Abdullah first visited the German Technical School in Tehran, the Dar al Fonoun and studied at the School of Political Sciences in Tehran later. He then joined the Foreign Service of Iran. His first foreign assignment took him to the Iranian Embassy in Washington DC He married in the U.S., a young woman from a respected American family. But the marriage did not last long, and Entezam was divorced before he was called back to Iran. His other stations were the Iranian embassies in Bern, Prague, Paris and Stuttgart and later in Bonn. In 1946 he was busy with Amir Abbas Hoveyda and Hassan Ali Mansour in the Iranian embassy in Stuttgart. On February 17, 1950, he appealed to the government of Konrad Adenauer to his credentials.

1951, back in Iran Abdullah Entezam was foreign minister in the cabinet of Prime Minister Hossein Ala, under whose government the Iranian oil industry was nationalized for a few months. The term of office Alas should end two months later, but already, since his government of Mohammad Mossadegh activity was sabotaged, with the support of the members of the National Front. Alam's successor was Mossadegh. After the overthrow of Mossadegh in August 1953 Abdullah Entenzam was again foreign minister in the cabinet of Prime Minister Fazlollah Zahedi.

In 1956 he left the Foreign Office and was director of the National Iranian Oil Company. His most important personnel decision was Amir Abbas Hoveyda in 1958, the later prime minister of Iran to have set with the NIOC.
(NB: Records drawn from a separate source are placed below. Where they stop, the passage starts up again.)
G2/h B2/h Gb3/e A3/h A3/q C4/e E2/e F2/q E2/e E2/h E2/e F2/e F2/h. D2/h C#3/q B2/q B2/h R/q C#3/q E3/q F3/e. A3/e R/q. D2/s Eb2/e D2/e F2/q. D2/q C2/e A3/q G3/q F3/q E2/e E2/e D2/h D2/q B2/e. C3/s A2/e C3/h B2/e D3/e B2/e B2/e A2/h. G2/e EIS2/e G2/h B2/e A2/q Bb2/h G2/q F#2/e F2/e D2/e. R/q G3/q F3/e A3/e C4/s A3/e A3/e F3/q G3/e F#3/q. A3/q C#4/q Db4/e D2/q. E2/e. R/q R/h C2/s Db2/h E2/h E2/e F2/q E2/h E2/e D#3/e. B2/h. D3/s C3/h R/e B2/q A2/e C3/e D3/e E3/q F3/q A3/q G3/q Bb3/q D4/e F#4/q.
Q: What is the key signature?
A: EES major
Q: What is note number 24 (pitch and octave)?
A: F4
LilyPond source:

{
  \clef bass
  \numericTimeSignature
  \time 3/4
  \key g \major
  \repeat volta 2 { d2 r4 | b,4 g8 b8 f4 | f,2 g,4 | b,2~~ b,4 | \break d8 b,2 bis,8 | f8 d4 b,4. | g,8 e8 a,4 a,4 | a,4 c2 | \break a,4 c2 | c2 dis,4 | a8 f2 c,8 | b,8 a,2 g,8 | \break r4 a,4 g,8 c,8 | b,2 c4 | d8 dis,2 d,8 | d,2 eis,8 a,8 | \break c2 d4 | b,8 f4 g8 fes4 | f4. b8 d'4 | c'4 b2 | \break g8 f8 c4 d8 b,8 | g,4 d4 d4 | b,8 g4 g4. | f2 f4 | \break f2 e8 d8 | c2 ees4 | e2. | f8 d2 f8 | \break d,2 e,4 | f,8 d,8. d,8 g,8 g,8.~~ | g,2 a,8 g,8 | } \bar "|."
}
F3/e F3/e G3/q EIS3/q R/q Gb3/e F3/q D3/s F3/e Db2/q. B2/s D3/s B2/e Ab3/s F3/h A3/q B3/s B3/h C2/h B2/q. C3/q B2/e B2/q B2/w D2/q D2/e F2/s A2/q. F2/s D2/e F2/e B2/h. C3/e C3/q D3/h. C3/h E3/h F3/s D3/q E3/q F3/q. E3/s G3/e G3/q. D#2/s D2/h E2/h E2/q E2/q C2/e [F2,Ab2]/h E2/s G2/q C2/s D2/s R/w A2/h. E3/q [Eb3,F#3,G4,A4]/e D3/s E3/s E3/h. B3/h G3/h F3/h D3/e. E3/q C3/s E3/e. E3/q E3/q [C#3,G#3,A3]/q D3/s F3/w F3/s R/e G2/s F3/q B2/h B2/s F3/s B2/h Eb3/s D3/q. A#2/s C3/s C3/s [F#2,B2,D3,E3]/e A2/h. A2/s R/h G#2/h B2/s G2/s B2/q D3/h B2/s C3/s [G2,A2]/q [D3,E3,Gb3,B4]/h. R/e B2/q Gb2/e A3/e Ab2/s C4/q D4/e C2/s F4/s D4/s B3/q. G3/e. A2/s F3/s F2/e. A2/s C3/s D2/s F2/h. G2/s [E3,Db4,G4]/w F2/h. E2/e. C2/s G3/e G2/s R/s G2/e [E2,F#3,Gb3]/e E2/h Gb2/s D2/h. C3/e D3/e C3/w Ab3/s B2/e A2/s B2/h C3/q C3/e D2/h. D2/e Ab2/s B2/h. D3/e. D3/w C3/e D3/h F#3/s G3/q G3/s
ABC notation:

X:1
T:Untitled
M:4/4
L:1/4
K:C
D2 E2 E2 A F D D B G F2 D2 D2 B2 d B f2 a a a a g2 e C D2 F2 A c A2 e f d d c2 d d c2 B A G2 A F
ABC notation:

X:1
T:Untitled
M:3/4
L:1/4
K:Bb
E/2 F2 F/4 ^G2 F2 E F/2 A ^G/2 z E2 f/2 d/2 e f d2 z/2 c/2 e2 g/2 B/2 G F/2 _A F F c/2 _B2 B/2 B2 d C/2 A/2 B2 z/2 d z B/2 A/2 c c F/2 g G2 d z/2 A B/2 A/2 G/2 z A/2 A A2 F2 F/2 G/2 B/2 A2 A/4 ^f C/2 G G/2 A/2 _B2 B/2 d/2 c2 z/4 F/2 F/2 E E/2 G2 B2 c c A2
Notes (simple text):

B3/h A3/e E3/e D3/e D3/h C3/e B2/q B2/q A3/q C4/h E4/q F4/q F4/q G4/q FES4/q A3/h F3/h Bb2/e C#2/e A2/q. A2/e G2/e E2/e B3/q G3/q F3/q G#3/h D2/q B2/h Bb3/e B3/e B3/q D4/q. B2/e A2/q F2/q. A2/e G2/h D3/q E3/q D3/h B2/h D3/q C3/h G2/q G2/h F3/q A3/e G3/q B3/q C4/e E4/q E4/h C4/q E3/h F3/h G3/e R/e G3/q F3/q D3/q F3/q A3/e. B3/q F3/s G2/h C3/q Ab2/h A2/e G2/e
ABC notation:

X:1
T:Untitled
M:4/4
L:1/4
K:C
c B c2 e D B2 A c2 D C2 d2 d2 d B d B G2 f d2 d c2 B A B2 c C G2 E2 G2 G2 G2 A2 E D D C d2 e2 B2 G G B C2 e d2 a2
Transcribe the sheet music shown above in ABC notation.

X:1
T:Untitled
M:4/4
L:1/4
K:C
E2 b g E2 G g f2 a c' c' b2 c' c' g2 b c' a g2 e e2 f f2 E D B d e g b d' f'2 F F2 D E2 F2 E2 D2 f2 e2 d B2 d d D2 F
After the riots in Iran in June 1963 Entezam auditioned along with four other senior Iranian politicians in Shah Mohammad Reza Pahlavi and criticized the actions of the security forces. They demanded the dismissal of Prime Minister Asadollah Alam, responsiveness to the demands of the demonstrators. Alam remained prime minister. For Entezam was dismissed as director of the NIOC.

Only in 1978 it came back to a conversation between Shah Mohammed Reza Pahlavi and Abdullah Entezam. The Shah offered Entezam to the Office of the Prime Minister. But the refused and suggested in its place Gholam Hossein Sadiqi. Shah Mohammad Reza Pahlavi called Entezam in the Privy Council, in its place is the business leader active in the absence of the monarch.